### EXERCISE PROMPT
Output every entry exactly as written, but omit the pictures.

------ PROVIDED RECORDS

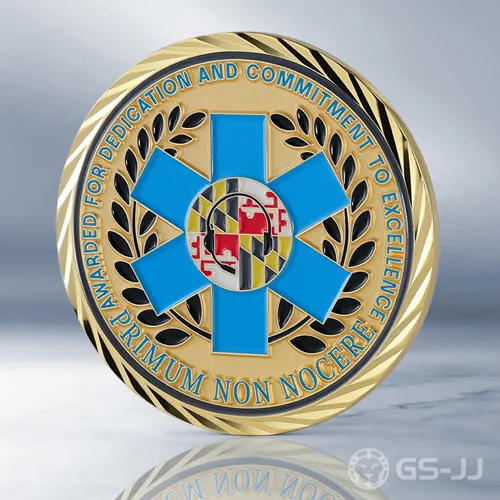 Primum Non Nocere Customized Coins Primum Non Nocere Customized Coins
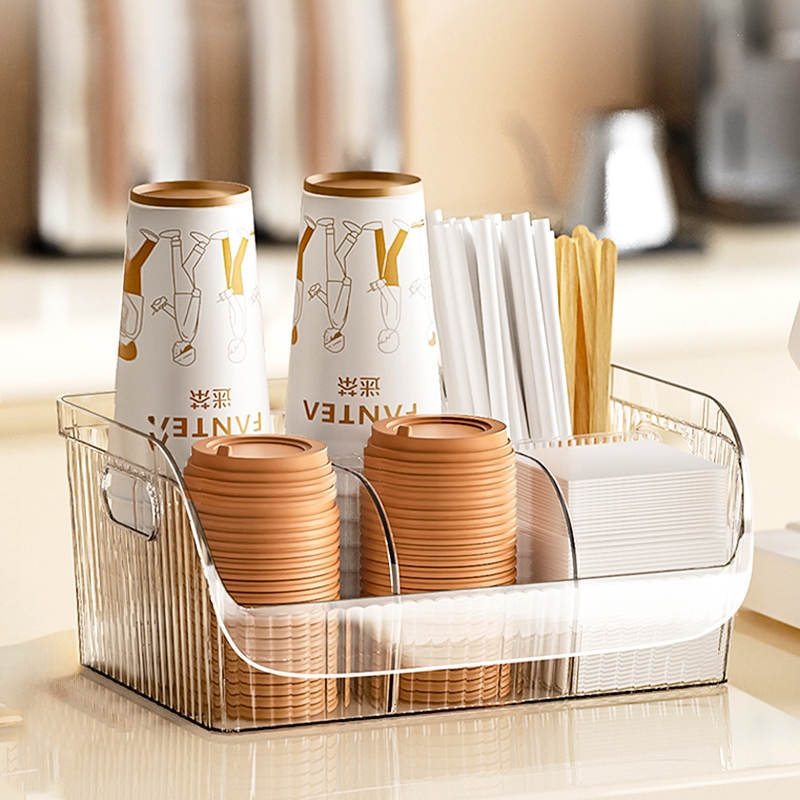 透明收纳盒带隔板|超1000次加购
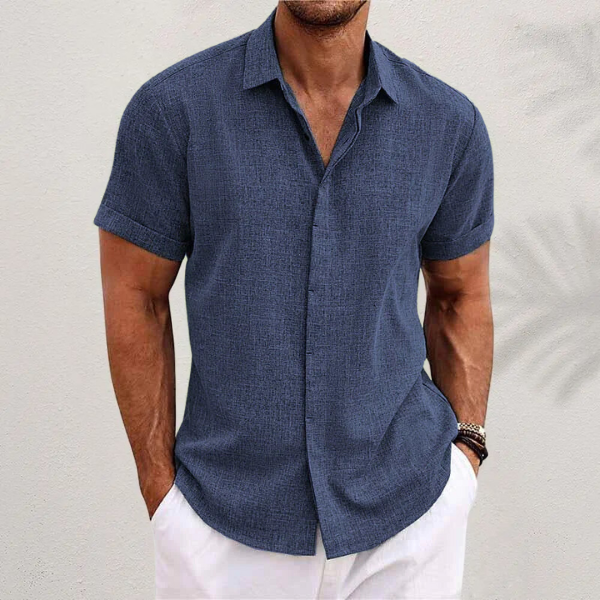 Montgomery | Men Short Sleeve Shirt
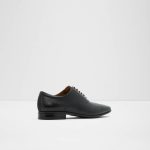 Black Aldo Men Oxfords & Lace-Ups Nathon Black Men's Oxfords & Lace-Ups - 2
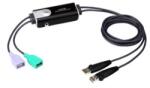 ATEN CS62KM 2-Port USB Boundless Cable KM Switch (CS62KM-AT)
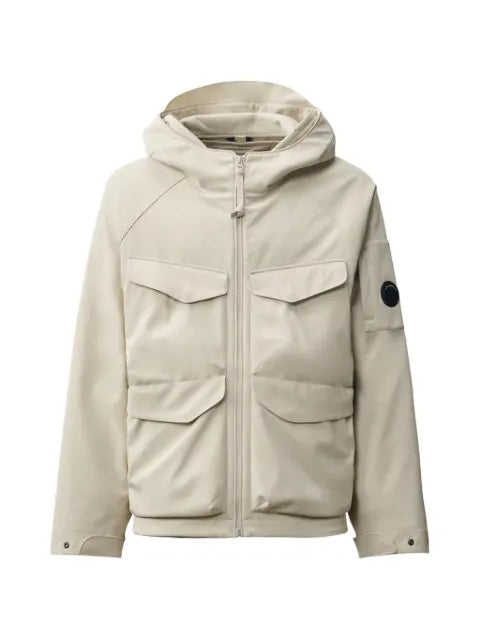 C.P. Company hooded Lens-detail jacket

------------

### RESPONSE AREA
 Primum Non Nocere Customized Coins Primum Non Nocere Customized Coins
 透明收纳盒带隔板|超1000次加购
 Montgomery | Men Short Sleeve Shirt
 Black Aldo Men Oxfords & Lace-Ups Nathon Black Men's Oxfords & Lace-Ups - 2
 ATEN CS62KM 2-Port USB Boundless Cable KM Switch (CS62KM-AT)
 C.P. Company hooded Lens-detail jacket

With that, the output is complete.